Se non fosse una storia vera ci sembrerebbe un modo nuovo per lodare le idee liberali e criticare lo spauracchio comunista ottuso e cieco di fronte all'eroismo della ciurma e del suo generale. Ma, purtroppo si cade nella retorica politica, scontata e anacronistica. Il tutto condito da un'accompagnamento orchestrale stile "Inno all'Altare della Patria" che pompa eroismo a destra e a manca, grazie al quale K-19 scala il climax della sua autocelebrazione fino al finale patetico che vorrebbe essere commovente ma finisce per risultare irritante e a tratti comico, con i due generali vecchietti e canuti, in cimitero a commemorare l'equipaggio con tanto di bicchierino di vodka e naso rosso. Tristissimo. Come una regista quale la Bigelow sia potuta inciampare in un explicit del genere non vogliamo saperlo, ma il conformismo di certe scelte narrative e stilistiche lascia alquanto perplessi.

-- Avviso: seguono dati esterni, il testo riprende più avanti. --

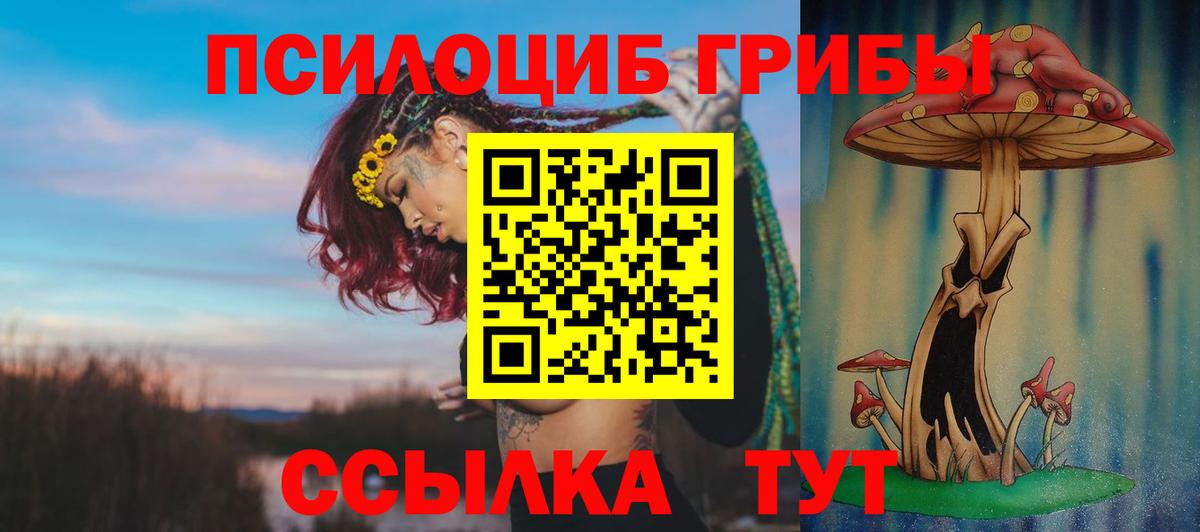 Калининград  Галлюциногенные грибы Psilocybine cubensis  Вход с VPN 
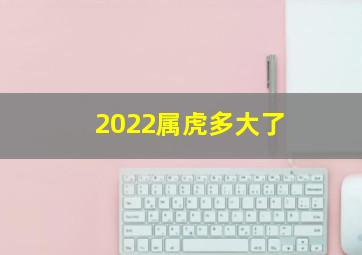 2022属虎多大了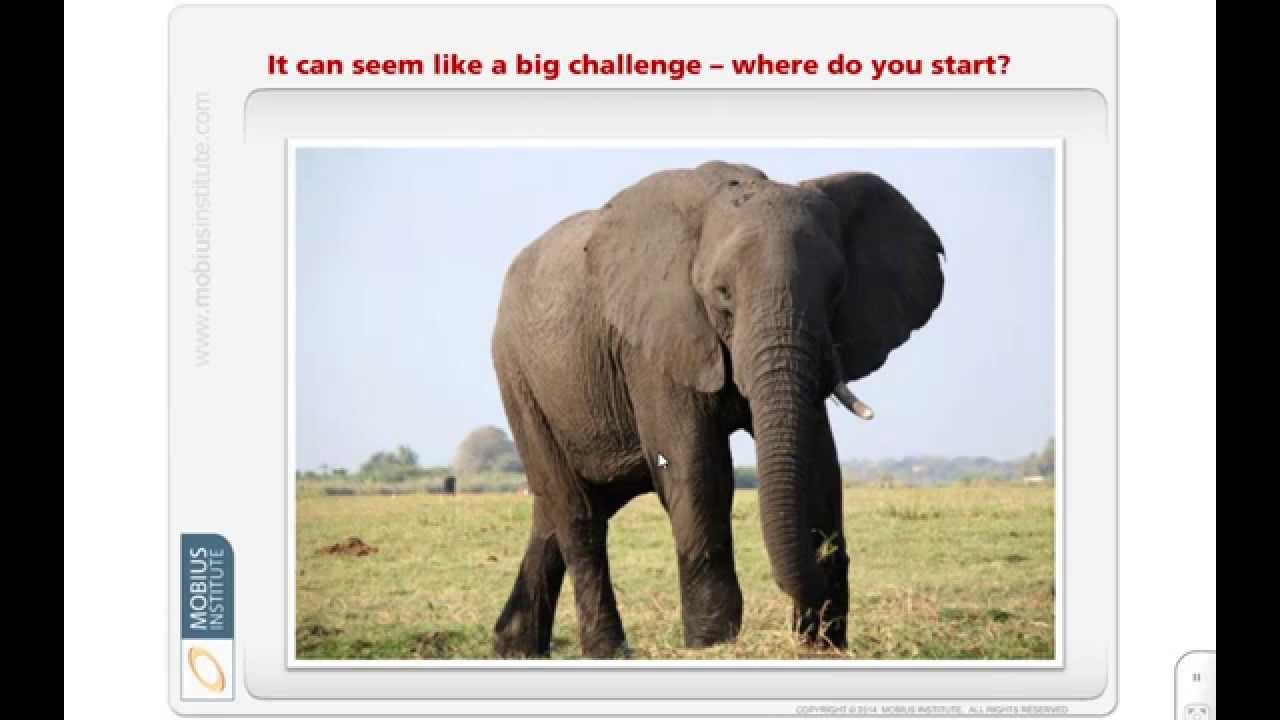 How to eat the [Reliability] Elephant - Part 1: Change the Culture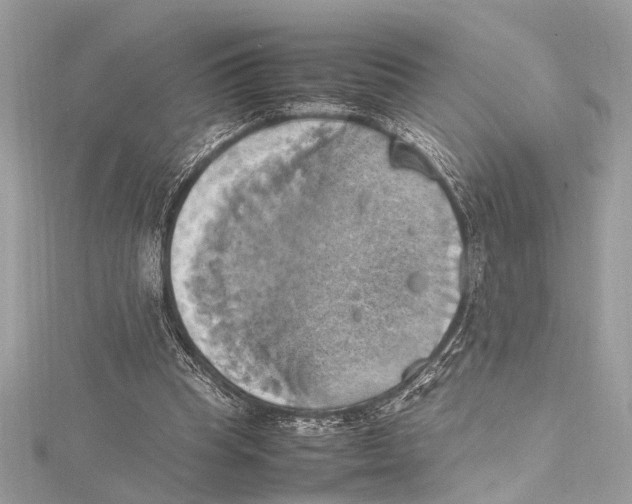 X0000115560345200912041058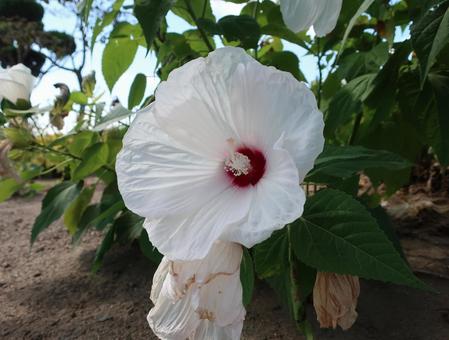 アメリカフヨウ 夏の巨大な白い花 アメリカフヨウ 夏の巨大な白い花の写真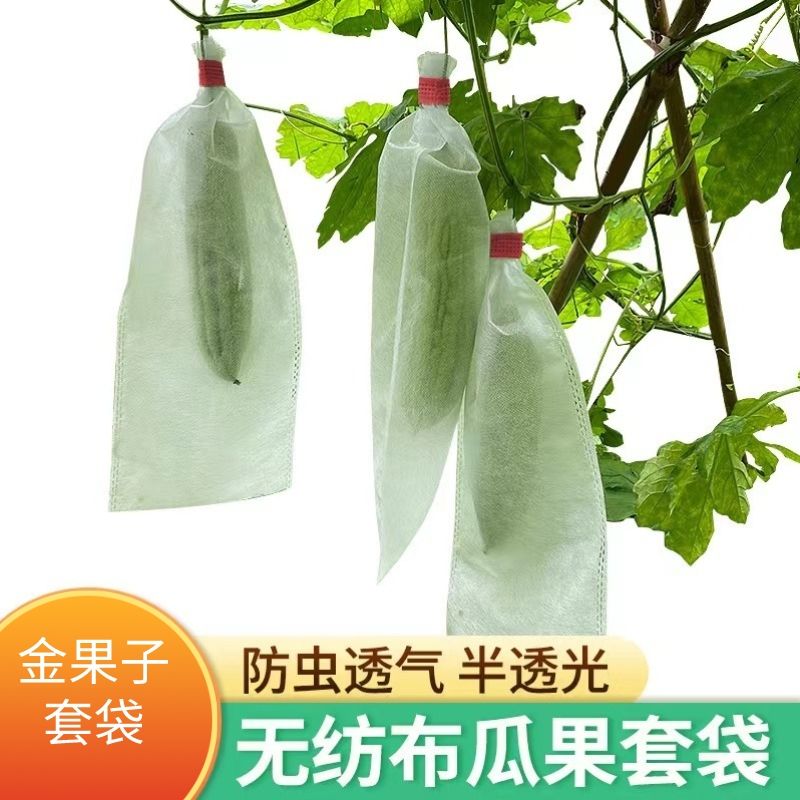 西瓜防虫袋无纺布果套袋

Un film lungo (2 ore e 20 minuti) prolisso e noioso, che trova la sua unica originalità nella claustrofobica ambientazione, che porta la mdp ad introdursi serpeggiante nei cunicoli delle paratie comunicando la sensazione di opprimente soffocamento e labirintica profondità tipica dei compartimenti stagni dei sottomarini.
Ci auguriamo che Kathryn Bigelow ritrovi la rotta e riemerga dalle profondità di K-19 in cui si è inabissata.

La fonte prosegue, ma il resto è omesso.